Wenn der SL aber dann fortfährt, meine Kämguruherwerbsbemühungen unter fadenscheinigen Vorwänden ins Leere laufen zu lassen, dann wirds eben langsam verdächtig.

Nicht nur fadenscheinig. Wenn er dir einfach kein Känguru gibt und das auch so sagt ("Känguru gibts nicht; is so"), obwohl du - zu Recht - darauf hinweist, dass man sich doch in Australien befindet, dann ist das unfrei.

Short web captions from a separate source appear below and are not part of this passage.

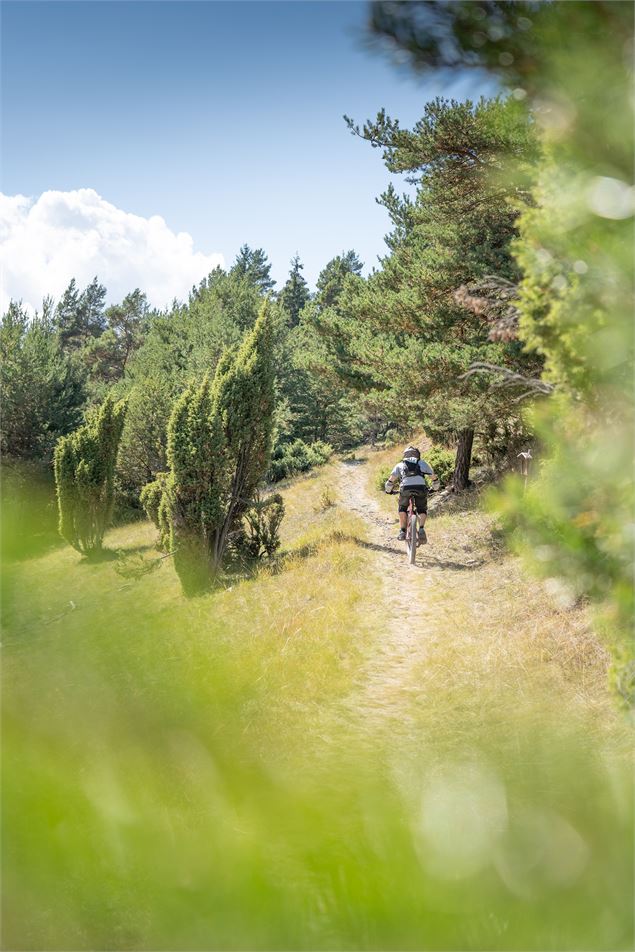 Vttiste sur le parcours  entre foret et prés - OTHMV - J. Cathala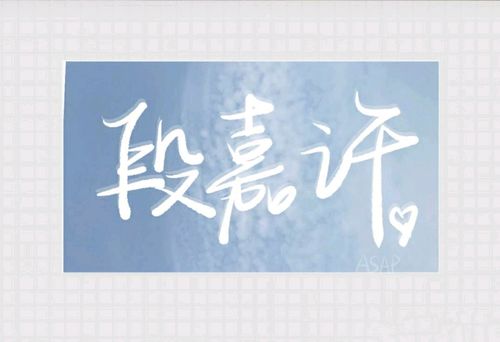 人间理想段嘉许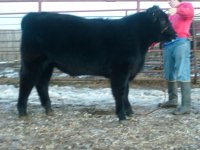 Steer 012.JPG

Aber es wird schon zu speziell. Ich wills mal so ausdrücken: 100% frei ist es, wenn die Orte A und B zwei Punkte in der Fläche der Settinglandschaft sind und die Spieler sich auf der gesamten Fläche um A und B bewegen können (so langweilig die meisten Punkte der Fläche auch sein mögen). Wenn der SL die Fläche zugunsten besserer Handhabbarkeit auf eine überschaubare Zahl an (interessanten) Punkten / Strecken reduziert, beginnt das Spiel unfrei zu werden.
Oder noch anders: wenn es beliebig viele (plausible) Wege gibt, von A nach B zu gelangen ist es frei. Wenn es aber nur eine geringe Anzahl dieser Wege gibt, weil der SL nur die wesentlichen Wege zulässt, ist es unfrei (Und wenn es entgegen aller Plausibilität nur einen einzigen Weg gibt, ist es mit hoher Wahrscheinlichkeit das, was (manchmal und nach bestimmten Definitionen) mit dem R-Wort bezeichnet wird...).

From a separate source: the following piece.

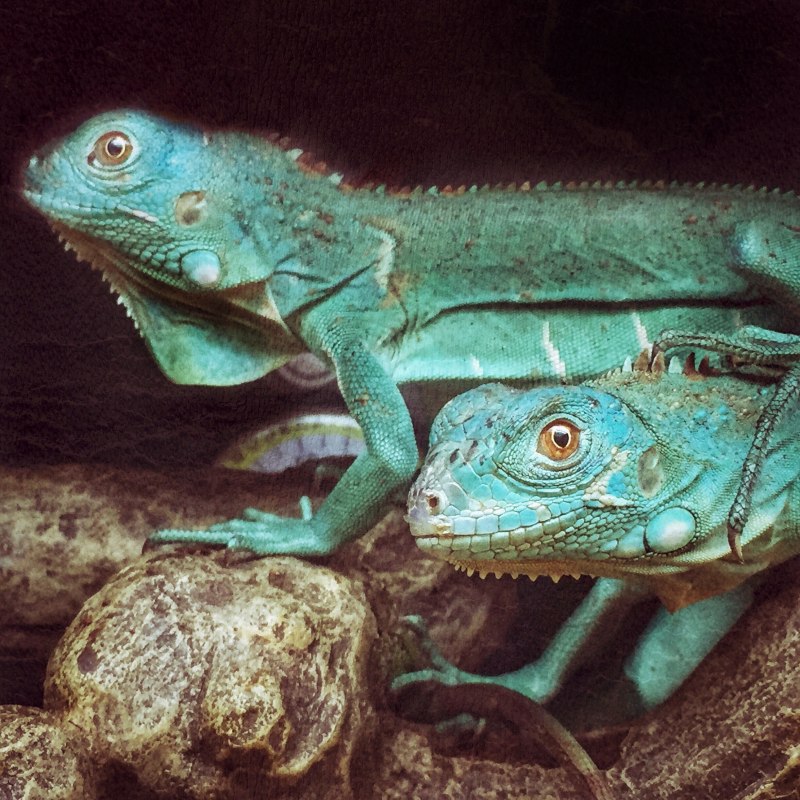 Игуана красная (Iguana Iguana)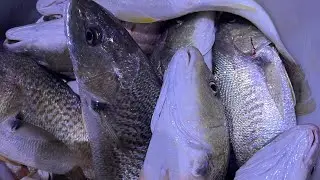Bảo c&aacute; đ&ugrave; ở đảo s&oacute;i biển #fishing #croakerfish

Dabei spielt es keine Rolle, ob die Einschränkung der von mir hier dargelegten Freiheit im Sinne des Spieles ist. Auch eine sinnvolle Einschränkung bleibt eben eine Einschränkung.

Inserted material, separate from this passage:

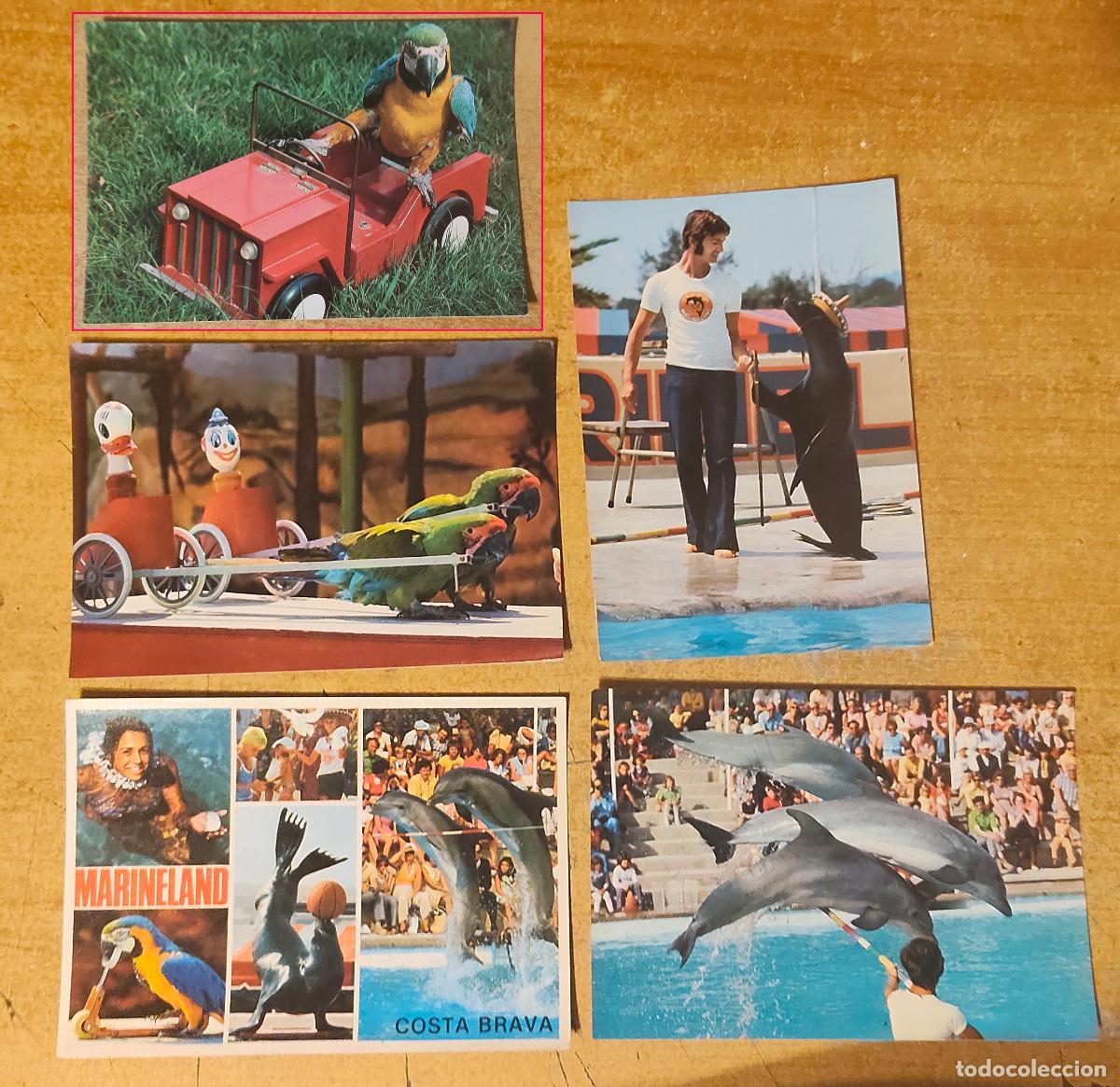 Postales: 5 postales Marineland parque acuatico oceonografic de Palafolls Catalun&ntilde;a 5 postales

Das meinte ich mit meinem Haustier-Beispiel. Wenn man alles bekommen kann (100% Freiheit), fallen darunter auch tendenziell uninteressante Tiere wie Kellerasseln oder Pandabären - Tiere, die von verschwindender Relevanz sind, weil sie normalerweise kein Interesse wecken. Niemand geht sich ein Haustier kaufen und denkt dabei an einen Wasserbüffel - auch wenn man plausiblerweise vielleicht einen bekommen könnte. Nur schränkt der SL die Auswahl vielleicht ein, weil er keine Lust hat, eine Tabelle mit Spielwerten für alle Tiere dieser Welt zu führen.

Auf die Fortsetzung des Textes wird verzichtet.